Generalized Reed-Solomon codes and cryptosystems based on the discrete logarithm problem are important
representatives of these two fields, respectively.
For a linear code, deep holes are defined to be vectors
that are further away from codewords than all other vectors.
The problem of deciding whether a received word is a deep hole
for generalized Reed-Solomon codes is co-NP-complete.
In the recent breakthrough paper by Barbulescu,
Gaudry, Joux and Thome, a quasi-polynomial time
algorithm (QPA) was proposed for the discrete logarithm problem over finite fields
of small characteristics.
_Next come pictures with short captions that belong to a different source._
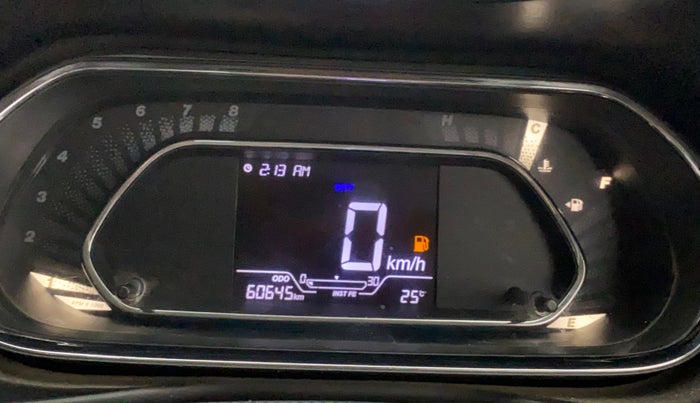 2021 Tata NEXON XZ PLUS PETROL, Petrol, Manual, 60,587 km, Odometer Image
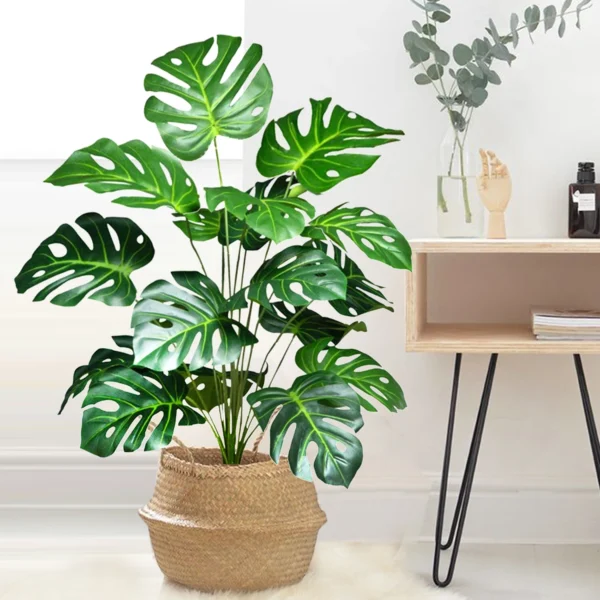 40-100cm Artificial Monstera Tree – Indoor Home & Office Decor - Image 5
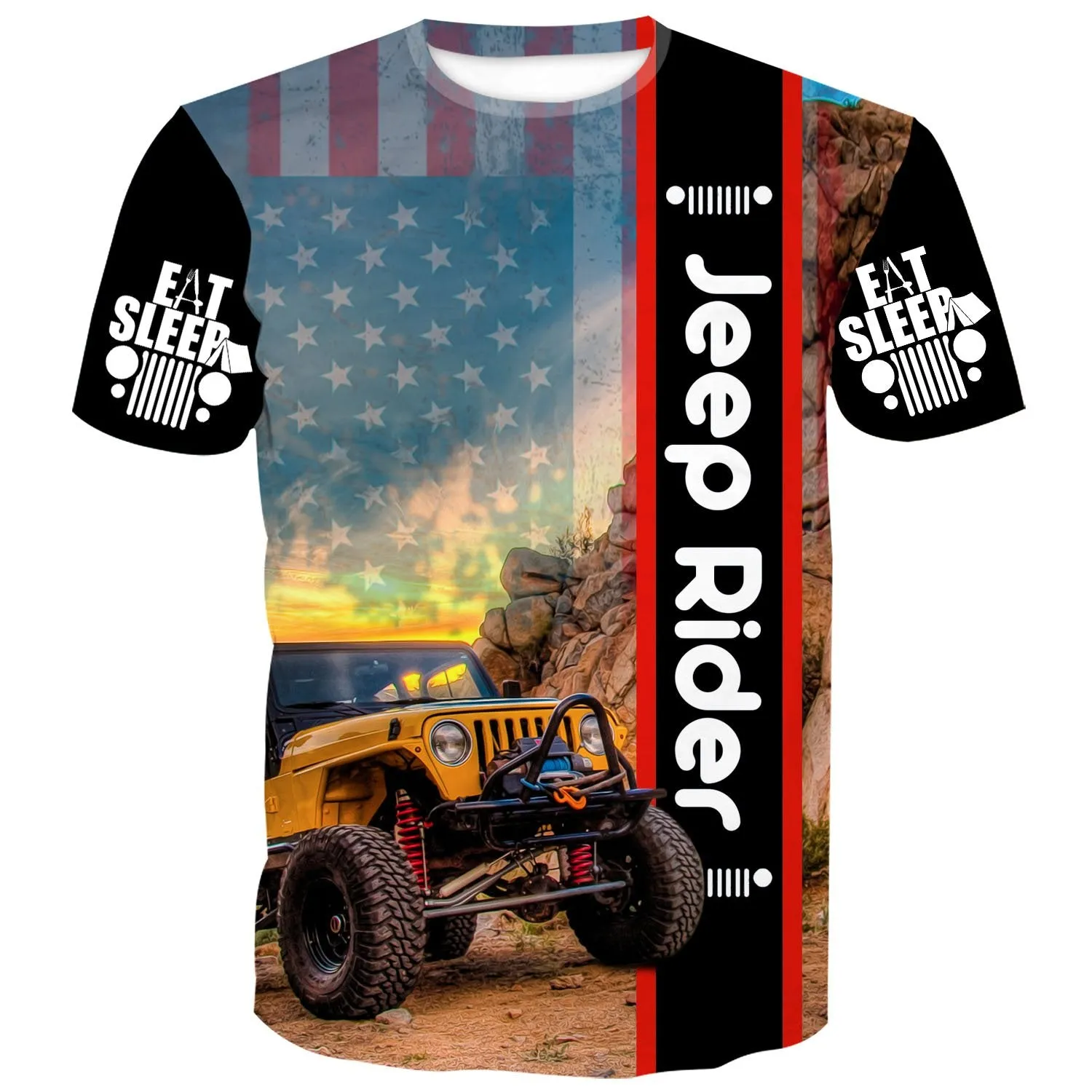 US Jeep Rider - T-Shirt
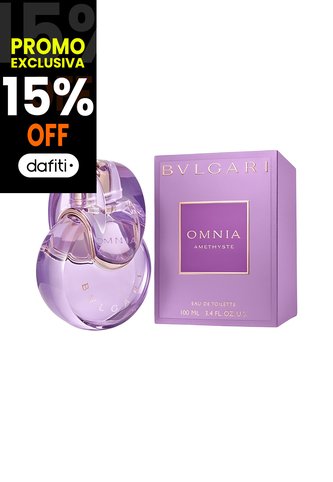 Perfume Omnia Amethyste De Bvlgari Para Mujer 100 Ml Bvlgari
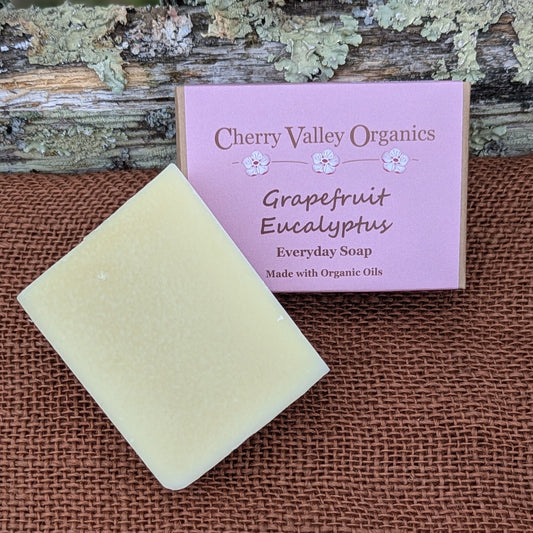 Grapefruit Eucalyptus Handmade Bar Soap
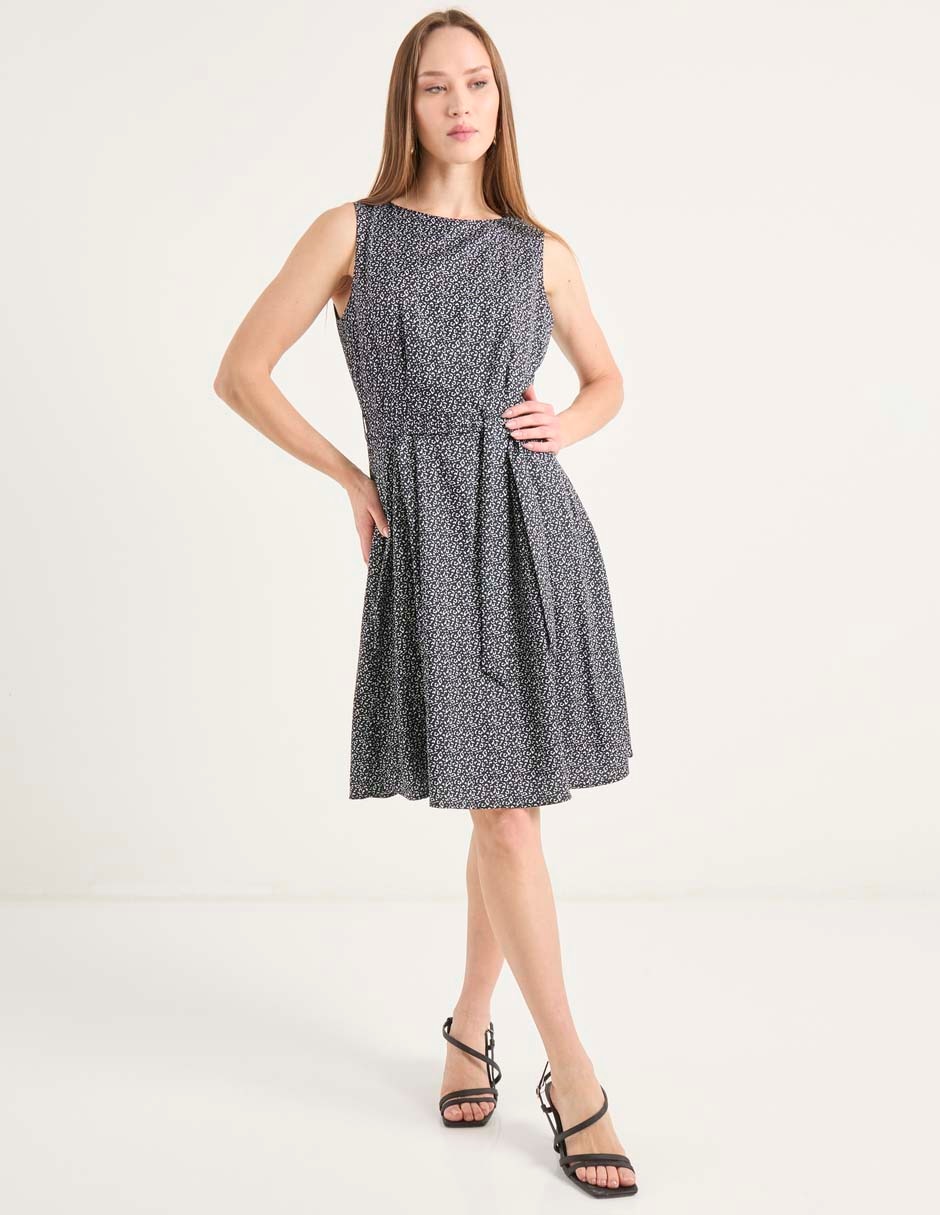 Vestido 3/4 casual para mujer 6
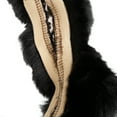 thumbnail image 5 of Unique Bargains Universal Winter Warm Faux Fur Car Steering Wheel Cover with Handbrake Cover Gear Shift Cover Set Black, 5 of 5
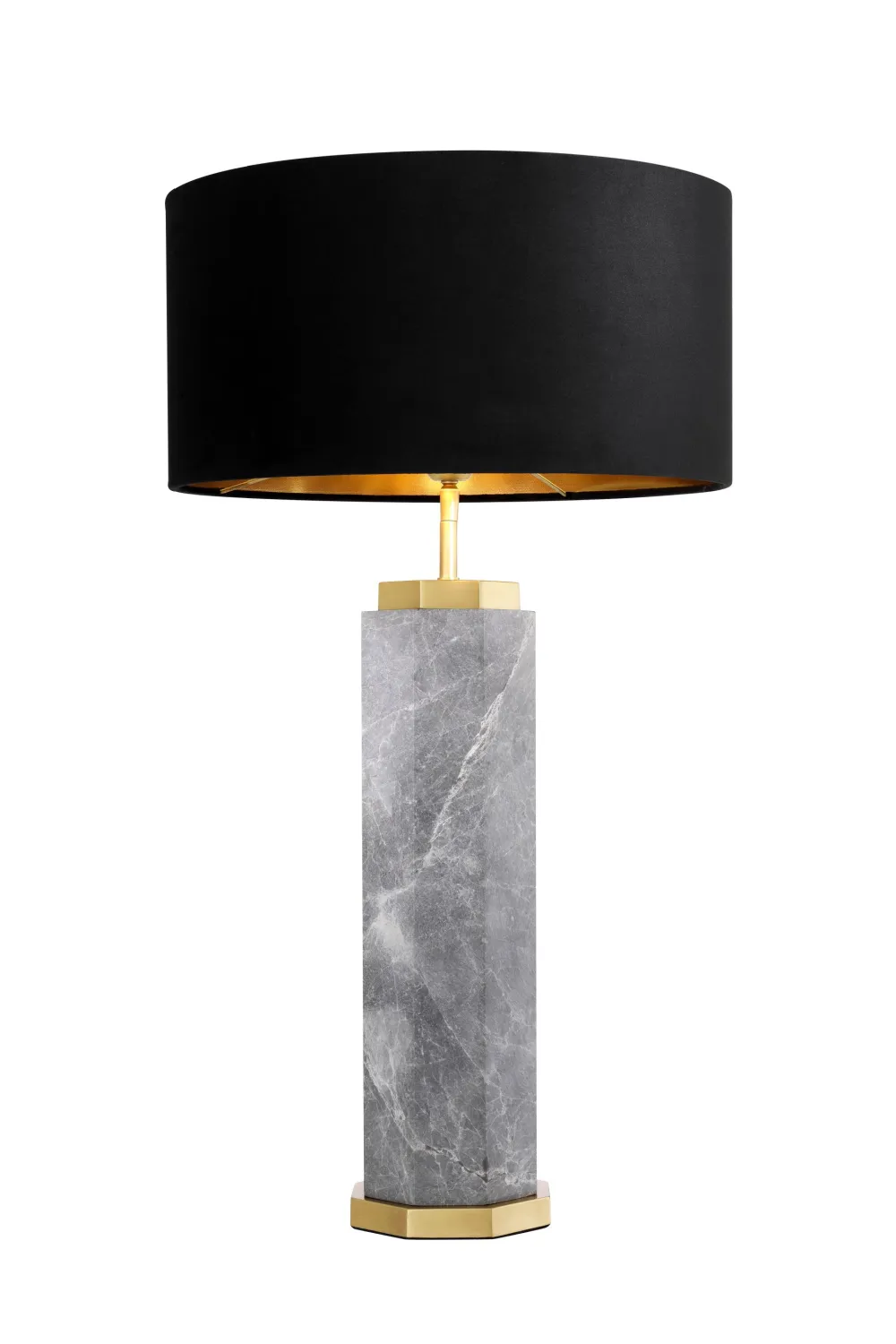 Gray Marble Table Lamp | Eichholtz Newman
The time complexity analysis of the algorithm is
based on several heuristics presented in their paper.
In this dissertation, we shall study the deep hole problem of generalized Reed-Solomon codes
and the discrete logarithm problem over finite fields.
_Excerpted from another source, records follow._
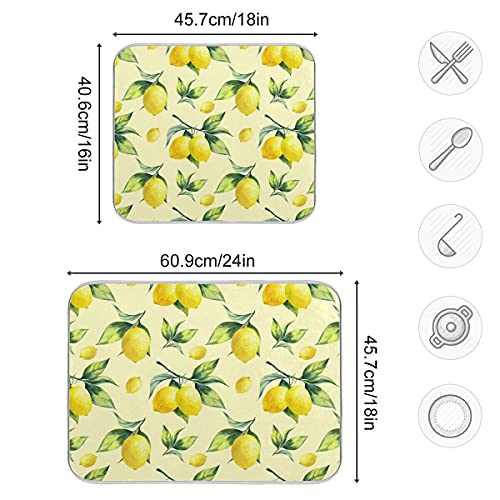 Super Absorbent Dish Drying Mat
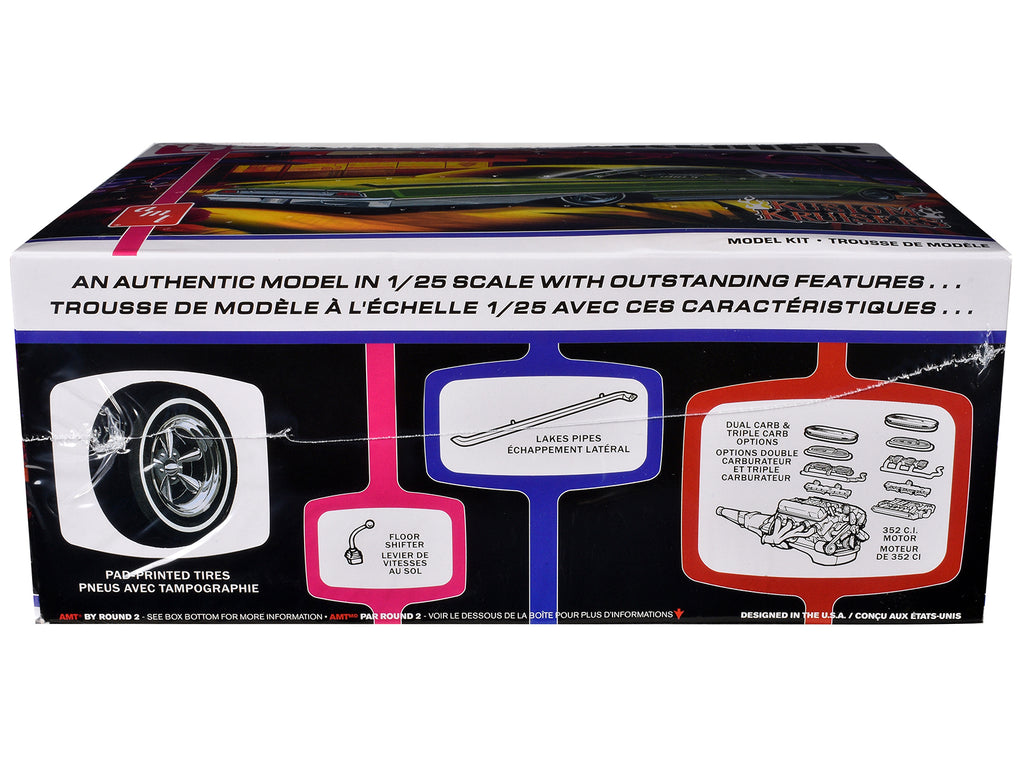 Skill 2 Model Kit 1960 Ford Starliner "Kustom Kruisers" 1/25 Scale Model by AMT - image 2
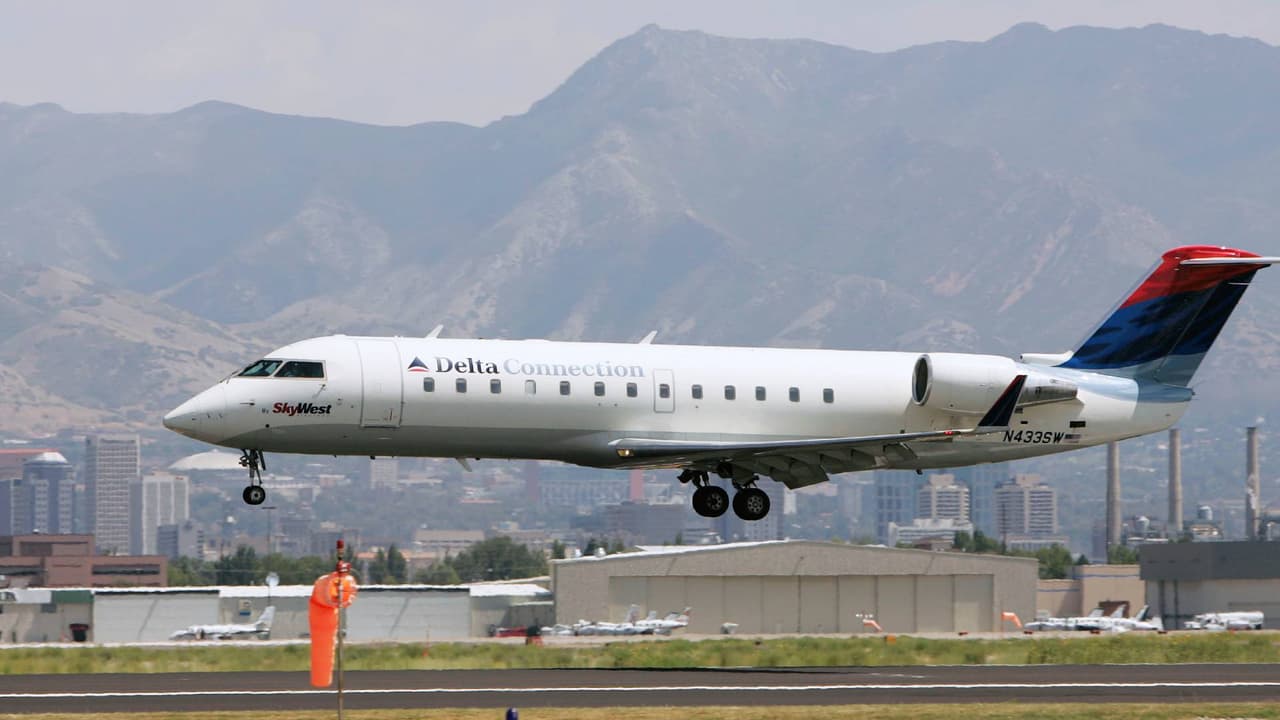 Salt Lake City está entre los aeropuertos y las rutas con más turbulencias en EEUU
On the one hand, we shall classify deep holes for generalized Reed-Solomon codes $RS_q(D,k)$ in a special case.
On the other hand, we shall show that some of the heuristics in BGJT-algorithm are problematic in their original forms,
in particular, when the field is not a Kummer extension. We propose a solution to the algorithm in non-Kummer cases,
without altering the quasi-polynomial time complexity.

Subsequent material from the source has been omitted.